-- Listed records follows --

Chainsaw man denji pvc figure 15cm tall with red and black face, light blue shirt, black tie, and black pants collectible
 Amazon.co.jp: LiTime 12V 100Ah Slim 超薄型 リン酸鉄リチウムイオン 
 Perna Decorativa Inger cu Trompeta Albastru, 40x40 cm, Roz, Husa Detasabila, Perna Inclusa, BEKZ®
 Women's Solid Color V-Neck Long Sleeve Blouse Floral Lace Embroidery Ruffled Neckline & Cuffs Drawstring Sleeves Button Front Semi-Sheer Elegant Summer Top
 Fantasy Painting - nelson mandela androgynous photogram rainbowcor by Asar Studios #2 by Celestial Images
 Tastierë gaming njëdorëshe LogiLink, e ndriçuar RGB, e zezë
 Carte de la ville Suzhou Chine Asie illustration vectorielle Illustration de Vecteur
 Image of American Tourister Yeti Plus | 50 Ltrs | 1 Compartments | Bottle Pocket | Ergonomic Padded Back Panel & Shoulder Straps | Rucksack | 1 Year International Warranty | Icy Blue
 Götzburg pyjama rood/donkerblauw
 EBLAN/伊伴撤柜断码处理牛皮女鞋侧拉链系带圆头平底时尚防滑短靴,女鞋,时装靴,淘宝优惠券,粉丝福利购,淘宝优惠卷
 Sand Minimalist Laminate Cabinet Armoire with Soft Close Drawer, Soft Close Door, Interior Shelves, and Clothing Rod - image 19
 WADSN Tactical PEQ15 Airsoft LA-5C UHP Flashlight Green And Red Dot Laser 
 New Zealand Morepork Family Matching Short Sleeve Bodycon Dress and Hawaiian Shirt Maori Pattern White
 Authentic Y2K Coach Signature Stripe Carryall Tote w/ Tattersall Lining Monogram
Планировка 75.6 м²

-- Listed records concluded --

● **Work to complete**:
In the entries above, identify each line that includes the string "with", then copy it.

● **Answer to the problem**:
Chainsaw man denji pvc figure 15cm tall with red and black face, light blue shirt, black tie, and black pants collectible
 Sand Minimalist Laminate Cabinet Armoire with Soft Close Drawer, Soft Close Door, Interior Shelves, and Clothing Rod - image 19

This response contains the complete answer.